**TASK STATEMENT:** Directions for the data below: repeat exactly the lines from the one with "Image: Picture of" through the one with "ISHIC Candles 100%", both included, and omit all pictures.

**RECORDS SUPPLIED:**
----------------------------------------

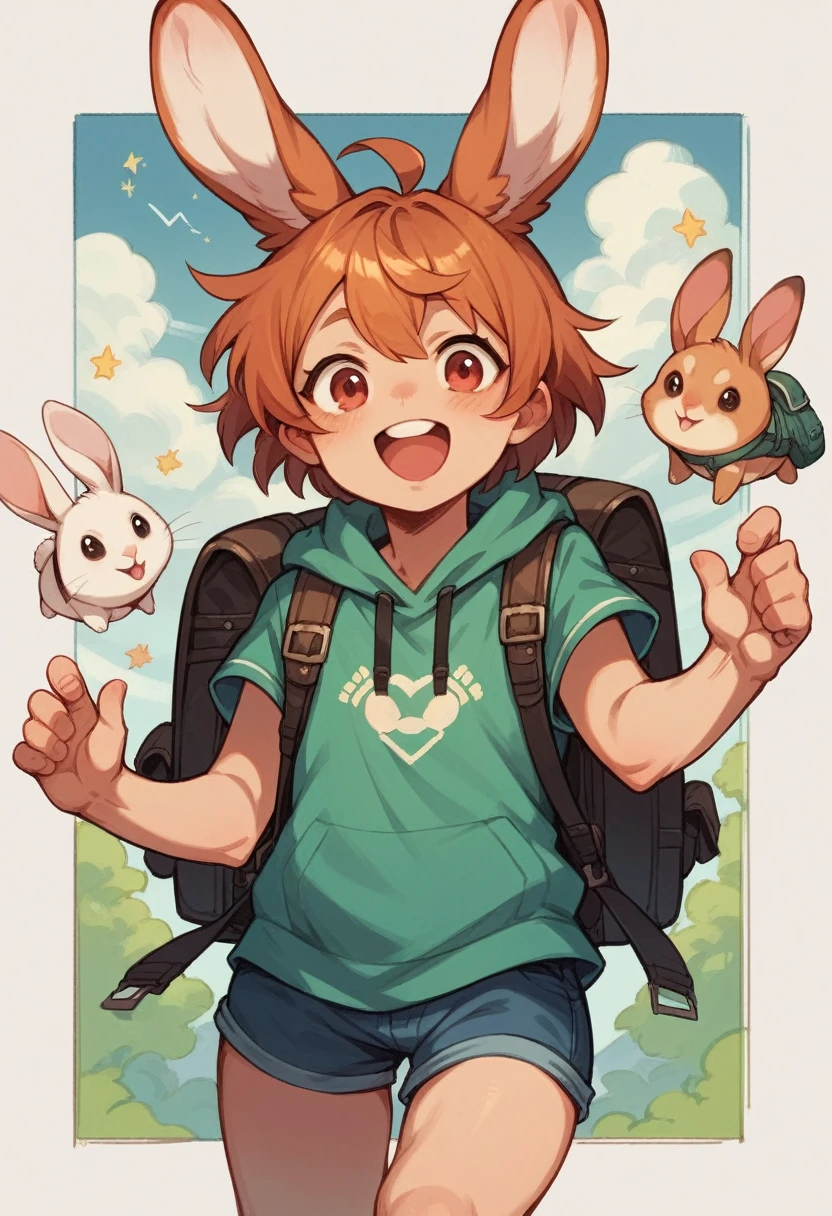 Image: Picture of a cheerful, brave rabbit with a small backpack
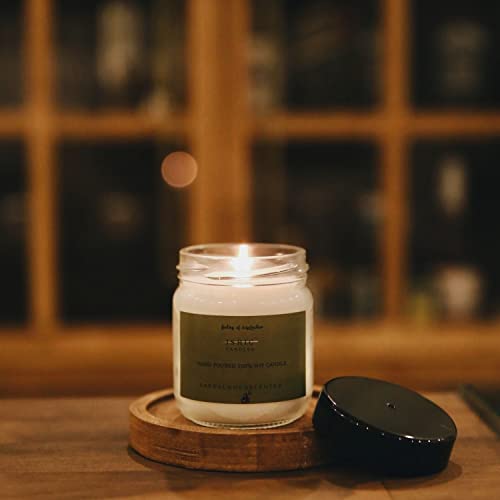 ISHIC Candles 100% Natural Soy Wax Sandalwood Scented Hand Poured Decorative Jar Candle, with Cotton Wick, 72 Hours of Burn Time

----------------------------------------

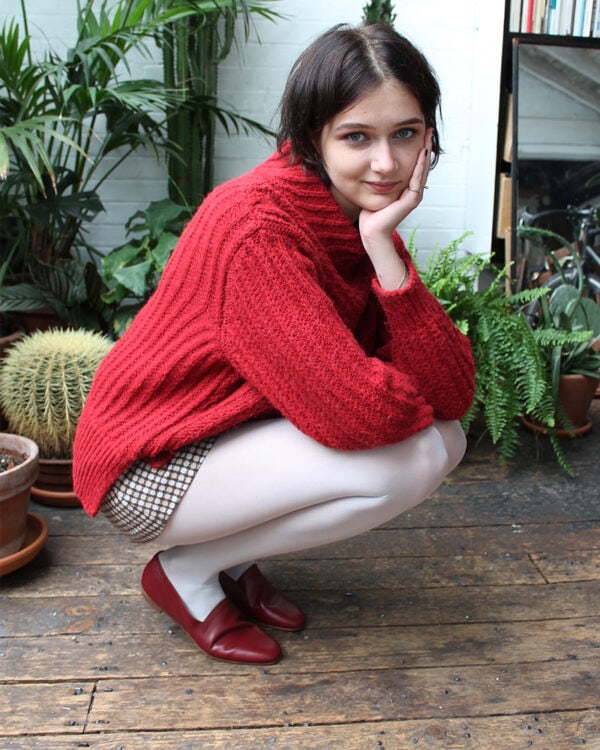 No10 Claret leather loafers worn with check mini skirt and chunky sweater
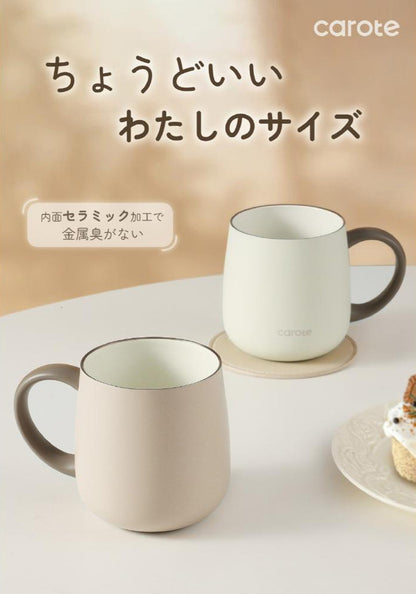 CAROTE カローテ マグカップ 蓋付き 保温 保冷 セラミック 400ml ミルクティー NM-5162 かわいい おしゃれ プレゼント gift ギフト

----------------------------------------

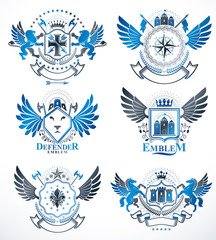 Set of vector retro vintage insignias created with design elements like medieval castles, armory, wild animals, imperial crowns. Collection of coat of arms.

----------------------------------------

**RESULT BELOW:**
 Image: Picture of a cheerful, brave rabbit with a small backpack
 ISHIC Candles 100% Natural Soy Wax Sandalwood Scented Hand Poured Decorative Jar Candle, with Cotton Wick, 72 Hours of Burn Time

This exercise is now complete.